*ACTION ITEM*. Which lines belong in the answer? Exactly those from the line containing "Today we're outside" through the last line of the records below, repeated as written.
===
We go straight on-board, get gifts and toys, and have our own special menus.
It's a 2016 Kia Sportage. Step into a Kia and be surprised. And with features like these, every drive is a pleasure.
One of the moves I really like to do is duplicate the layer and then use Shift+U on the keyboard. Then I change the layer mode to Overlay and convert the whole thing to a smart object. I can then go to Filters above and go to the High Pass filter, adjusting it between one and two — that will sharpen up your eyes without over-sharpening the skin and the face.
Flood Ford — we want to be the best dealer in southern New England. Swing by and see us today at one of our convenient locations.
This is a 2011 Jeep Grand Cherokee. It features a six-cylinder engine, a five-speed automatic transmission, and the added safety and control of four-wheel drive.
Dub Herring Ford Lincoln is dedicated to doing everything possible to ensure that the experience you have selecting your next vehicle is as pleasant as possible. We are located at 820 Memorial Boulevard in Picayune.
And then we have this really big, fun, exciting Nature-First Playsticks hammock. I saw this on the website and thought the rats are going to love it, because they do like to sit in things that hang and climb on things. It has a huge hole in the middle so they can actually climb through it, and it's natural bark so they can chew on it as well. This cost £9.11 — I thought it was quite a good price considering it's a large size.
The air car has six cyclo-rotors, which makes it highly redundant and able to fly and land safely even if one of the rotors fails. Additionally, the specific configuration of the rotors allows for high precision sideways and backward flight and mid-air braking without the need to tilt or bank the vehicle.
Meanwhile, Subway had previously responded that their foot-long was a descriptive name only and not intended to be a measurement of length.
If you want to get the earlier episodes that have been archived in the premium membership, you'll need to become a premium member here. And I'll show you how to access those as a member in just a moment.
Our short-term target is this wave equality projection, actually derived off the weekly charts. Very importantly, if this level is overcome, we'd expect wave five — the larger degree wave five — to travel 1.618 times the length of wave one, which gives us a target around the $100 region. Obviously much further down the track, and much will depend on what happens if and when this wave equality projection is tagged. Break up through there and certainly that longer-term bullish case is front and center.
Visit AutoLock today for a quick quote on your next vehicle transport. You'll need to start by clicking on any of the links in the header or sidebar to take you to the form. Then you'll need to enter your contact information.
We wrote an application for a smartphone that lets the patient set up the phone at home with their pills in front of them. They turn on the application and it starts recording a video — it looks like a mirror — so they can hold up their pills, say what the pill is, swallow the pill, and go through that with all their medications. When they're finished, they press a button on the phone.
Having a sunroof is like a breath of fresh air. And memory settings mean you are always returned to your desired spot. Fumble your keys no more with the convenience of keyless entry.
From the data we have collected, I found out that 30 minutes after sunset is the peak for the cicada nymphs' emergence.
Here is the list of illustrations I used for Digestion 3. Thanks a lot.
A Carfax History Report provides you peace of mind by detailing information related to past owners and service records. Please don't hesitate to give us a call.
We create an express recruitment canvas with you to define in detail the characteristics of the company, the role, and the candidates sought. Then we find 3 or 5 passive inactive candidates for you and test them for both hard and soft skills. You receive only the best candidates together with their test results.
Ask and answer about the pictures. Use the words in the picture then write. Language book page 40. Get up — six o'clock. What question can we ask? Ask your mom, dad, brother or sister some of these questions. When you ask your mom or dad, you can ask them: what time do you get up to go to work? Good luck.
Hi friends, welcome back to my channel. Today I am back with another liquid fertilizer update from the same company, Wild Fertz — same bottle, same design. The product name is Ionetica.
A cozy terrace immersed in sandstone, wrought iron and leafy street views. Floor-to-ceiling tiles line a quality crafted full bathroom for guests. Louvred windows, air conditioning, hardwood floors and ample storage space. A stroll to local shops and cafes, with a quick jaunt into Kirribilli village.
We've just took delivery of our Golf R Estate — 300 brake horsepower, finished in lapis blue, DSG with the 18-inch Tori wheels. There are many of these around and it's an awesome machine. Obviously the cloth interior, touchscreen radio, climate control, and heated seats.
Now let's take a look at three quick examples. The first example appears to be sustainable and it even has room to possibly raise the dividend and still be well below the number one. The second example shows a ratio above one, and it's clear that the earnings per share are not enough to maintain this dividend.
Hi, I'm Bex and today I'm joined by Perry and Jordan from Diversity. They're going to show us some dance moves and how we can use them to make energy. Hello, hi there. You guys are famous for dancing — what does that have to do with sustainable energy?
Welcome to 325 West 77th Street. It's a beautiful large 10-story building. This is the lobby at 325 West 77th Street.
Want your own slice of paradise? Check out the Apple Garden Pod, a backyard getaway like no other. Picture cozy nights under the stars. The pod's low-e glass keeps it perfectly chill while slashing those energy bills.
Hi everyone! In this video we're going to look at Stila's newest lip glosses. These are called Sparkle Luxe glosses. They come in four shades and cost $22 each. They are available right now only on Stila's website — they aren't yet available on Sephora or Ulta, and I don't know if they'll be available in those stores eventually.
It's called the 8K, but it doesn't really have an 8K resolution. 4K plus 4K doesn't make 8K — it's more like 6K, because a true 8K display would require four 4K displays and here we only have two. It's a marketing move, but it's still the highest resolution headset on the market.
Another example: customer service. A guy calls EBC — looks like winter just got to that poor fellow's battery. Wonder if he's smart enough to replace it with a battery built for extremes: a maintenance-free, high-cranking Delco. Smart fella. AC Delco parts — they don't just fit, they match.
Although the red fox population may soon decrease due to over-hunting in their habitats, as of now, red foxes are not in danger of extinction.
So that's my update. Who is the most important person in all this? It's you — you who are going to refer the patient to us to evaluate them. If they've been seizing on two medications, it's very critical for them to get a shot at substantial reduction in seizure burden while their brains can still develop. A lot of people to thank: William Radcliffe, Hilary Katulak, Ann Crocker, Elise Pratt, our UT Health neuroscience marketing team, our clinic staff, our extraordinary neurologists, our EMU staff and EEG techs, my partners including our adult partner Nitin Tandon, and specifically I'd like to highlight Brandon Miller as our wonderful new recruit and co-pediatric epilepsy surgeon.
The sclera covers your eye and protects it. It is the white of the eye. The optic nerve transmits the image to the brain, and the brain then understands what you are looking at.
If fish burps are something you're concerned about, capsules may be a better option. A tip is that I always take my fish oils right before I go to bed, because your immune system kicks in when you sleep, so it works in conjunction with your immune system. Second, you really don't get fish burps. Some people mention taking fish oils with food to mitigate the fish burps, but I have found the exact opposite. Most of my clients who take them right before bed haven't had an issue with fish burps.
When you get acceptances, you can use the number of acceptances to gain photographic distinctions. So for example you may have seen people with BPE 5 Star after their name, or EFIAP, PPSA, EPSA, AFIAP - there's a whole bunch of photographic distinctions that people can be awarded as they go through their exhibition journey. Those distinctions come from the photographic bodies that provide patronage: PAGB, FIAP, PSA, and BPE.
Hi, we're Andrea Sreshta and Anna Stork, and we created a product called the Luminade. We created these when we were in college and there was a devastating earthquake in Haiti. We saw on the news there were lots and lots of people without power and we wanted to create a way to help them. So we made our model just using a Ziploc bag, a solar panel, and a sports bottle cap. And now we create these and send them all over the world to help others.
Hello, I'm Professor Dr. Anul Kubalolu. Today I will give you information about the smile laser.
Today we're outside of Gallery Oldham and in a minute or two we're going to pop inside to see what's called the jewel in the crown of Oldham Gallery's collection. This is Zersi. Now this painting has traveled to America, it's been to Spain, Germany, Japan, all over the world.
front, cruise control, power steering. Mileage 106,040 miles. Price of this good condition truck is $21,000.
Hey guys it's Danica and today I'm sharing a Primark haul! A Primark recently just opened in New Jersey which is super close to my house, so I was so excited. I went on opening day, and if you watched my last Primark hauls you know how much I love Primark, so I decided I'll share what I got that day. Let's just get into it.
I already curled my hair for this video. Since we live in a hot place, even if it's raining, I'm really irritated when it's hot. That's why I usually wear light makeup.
===
*EXERCISE OUTPUT*.
Today we're outside of Gallery Oldham and in a minute or two we're going to pop inside to see what's called the jewel in the crown of Oldham Gallery's collection. This is Zersi. Now this painting has traveled to America, it's been to Spain, Germany, Japan, all over the world.
front, cruise control, power steering. Mileage 106,040 miles. Price of this good condition truck is $21,000.
Hey guys it's Danica and today I'm sharing a Primark haul! A Primark recently just opened in New Jersey which is super close to my house, so I was so excited. I went on opening day, and if you watched my last Primark hauls you know how much I love Primark, so I decided I'll share what I got that day. Let's just get into it.
I already curled my hair for this video. Since we live in a hot place, even if it's raining, I'm really irritated when it's hot. That's why I usually wear light makeup.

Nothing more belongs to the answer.